(Caption-style text data)
_ _ _ _ _ _ _
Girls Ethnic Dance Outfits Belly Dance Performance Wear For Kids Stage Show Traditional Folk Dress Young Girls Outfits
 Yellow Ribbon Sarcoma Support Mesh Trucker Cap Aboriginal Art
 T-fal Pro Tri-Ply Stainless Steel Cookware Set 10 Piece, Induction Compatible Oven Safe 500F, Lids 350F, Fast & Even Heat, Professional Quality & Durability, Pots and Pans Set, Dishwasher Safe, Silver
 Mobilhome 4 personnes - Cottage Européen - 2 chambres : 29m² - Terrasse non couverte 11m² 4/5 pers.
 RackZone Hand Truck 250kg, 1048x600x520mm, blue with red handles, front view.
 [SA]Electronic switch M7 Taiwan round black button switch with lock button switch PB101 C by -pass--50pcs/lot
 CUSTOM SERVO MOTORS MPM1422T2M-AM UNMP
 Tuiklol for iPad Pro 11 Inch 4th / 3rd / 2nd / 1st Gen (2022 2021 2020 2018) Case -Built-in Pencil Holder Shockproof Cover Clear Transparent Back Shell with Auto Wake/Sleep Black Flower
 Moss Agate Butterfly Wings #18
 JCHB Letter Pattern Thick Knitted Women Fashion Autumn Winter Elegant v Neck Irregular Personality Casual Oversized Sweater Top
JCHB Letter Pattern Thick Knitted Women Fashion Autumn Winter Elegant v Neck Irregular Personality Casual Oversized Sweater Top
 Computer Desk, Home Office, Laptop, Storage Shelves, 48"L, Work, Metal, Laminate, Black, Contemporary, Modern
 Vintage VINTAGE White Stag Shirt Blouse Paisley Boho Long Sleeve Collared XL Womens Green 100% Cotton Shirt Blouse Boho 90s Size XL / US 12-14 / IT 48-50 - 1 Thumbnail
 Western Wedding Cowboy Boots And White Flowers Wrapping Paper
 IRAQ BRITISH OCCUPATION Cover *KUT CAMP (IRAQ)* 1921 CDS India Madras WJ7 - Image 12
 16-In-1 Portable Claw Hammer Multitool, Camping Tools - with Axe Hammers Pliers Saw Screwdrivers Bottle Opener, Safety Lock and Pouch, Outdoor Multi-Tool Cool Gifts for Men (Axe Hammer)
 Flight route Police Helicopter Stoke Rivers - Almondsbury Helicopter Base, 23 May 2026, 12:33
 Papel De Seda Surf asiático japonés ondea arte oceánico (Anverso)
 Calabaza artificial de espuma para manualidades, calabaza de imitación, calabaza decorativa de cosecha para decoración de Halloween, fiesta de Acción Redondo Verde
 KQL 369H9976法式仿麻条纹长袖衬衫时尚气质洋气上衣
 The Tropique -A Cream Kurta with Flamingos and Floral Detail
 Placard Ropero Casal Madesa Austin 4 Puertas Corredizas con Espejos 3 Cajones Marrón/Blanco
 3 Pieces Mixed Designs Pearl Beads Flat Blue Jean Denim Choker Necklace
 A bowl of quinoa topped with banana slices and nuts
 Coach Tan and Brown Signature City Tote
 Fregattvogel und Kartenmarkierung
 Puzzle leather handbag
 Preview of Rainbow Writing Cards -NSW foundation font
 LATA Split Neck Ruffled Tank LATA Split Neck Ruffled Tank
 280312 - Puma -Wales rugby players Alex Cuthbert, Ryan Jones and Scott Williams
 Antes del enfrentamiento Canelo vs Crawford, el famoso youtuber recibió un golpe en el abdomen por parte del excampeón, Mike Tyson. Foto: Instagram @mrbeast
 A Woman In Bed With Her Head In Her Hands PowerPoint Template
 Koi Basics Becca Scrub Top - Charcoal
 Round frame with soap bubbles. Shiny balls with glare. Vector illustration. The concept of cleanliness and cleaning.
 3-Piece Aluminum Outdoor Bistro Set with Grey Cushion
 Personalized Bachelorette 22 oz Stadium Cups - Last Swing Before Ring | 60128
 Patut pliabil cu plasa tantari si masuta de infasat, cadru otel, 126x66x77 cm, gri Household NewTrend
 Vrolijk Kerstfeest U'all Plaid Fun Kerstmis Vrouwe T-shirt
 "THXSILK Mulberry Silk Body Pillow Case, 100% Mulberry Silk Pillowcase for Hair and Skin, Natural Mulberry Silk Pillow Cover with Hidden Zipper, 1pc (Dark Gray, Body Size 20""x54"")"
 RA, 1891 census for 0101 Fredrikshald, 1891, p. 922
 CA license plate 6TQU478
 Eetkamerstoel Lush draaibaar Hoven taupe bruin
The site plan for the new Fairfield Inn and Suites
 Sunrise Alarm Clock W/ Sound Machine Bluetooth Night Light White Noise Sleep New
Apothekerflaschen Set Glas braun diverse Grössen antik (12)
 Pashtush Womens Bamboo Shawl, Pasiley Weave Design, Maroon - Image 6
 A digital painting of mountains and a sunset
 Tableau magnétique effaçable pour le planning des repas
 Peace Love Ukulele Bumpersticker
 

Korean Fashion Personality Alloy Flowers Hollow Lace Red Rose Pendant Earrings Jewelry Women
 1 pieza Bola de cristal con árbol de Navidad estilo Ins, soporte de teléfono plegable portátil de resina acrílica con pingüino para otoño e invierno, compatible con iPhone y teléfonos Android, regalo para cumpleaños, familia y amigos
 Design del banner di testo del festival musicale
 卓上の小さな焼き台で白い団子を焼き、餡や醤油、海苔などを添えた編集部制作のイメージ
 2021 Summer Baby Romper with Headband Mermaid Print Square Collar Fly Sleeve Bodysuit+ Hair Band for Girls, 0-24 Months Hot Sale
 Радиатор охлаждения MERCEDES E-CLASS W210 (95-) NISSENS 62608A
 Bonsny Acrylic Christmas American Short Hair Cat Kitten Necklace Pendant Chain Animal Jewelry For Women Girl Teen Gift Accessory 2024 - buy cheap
_ _ _ _ _ _ _
- **EXERCISE REQUIREMENTS**:
Having output the line that contains "Calabaza artificial de", stop. Every line before it, back to the first line of the data, must be reproduced exactly.

- **ANSWER SECTION**:
Girls Ethnic Dance Outfits Belly Dance Performance Wear For Kids Stage Show Traditional Folk Dress Young Girls Outfits
 Yellow Ribbon Sarcoma Support Mesh Trucker Cap Aboriginal Art
 T-fal Pro Tri-Ply Stainless Steel Cookware Set 10 Piece, Induction Compatible Oven Safe 500F, Lids 350F, Fast & Even Heat, Professional Quality & Durability, Pots and Pans Set, Dishwasher Safe, Silver
 Mobilhome 4 personnes - Cottage Européen - 2 chambres : 29m² - Terrasse non couverte 11m² 4/5 pers.
 RackZone Hand Truck 250kg, 1048x600x520mm, blue with red handles, front view.
 [SA]Electronic switch M7 Taiwan round black button switch with lock button switch PB101 C by -pass--50pcs/lot
 CUSTOM SERVO MOTORS MPM1422T2M-AM UNMP
 Tuiklol for iPad Pro 11 Inch 4th / 3rd / 2nd / 1st Gen (2022 2021 2020 2018) Case -Built-in Pencil Holder Shockproof Cover Clear Transparent Back Shell with Auto Wake/Sleep Black Flower
 Moss Agate Butterfly Wings #18
 JCHB Letter Pattern Thick Knitted Women Fashion Autumn Winter Elegant v Neck Irregular Personality Casual Oversized Sweater Top
JCHB Letter Pattern Thick Knitted Women Fashion Autumn Winter Elegant v Neck Irregular Personality Casual Oversized Sweater Top
 Computer Desk, Home Office, Laptop, Storage Shelves, 48"L, Work, Metal, Laminate, Black, Contemporary, Modern
 Vintage VINTAGE White Stag Shirt Blouse Paisley Boho Long Sleeve Collared XL Womens Green 100% Cotton Shirt Blouse Boho 90s Size XL / US 12-14 / IT 48-50 - 1 Thumbnail
 Western Wedding Cowboy Boots And White Flowers Wrapping Paper
 IRAQ BRITISH OCCUPATION Cover *KUT CAMP (IRAQ)* 1921 CDS India Madras WJ7 - Image 12
 16-In-1 Portable Claw Hammer Multitool, Camping Tools - with Axe Hammers Pliers Saw Screwdrivers Bottle Opener, Safety Lock and Pouch, Outdoor Multi-Tool Cool Gifts for Men (Axe Hammer)
 Flight route Police Helicopter Stoke Rivers - Almondsbury Helicopter Base, 23 May 2026, 12:33
 Papel De Seda Surf asiático japonés ondea arte oceánico (Anverso)
 Calabaza artificial de espuma para manualidades, calabaza de imitación, calabaza decorativa de cosecha para decoración de Halloween, fiesta de Acción Redondo Verde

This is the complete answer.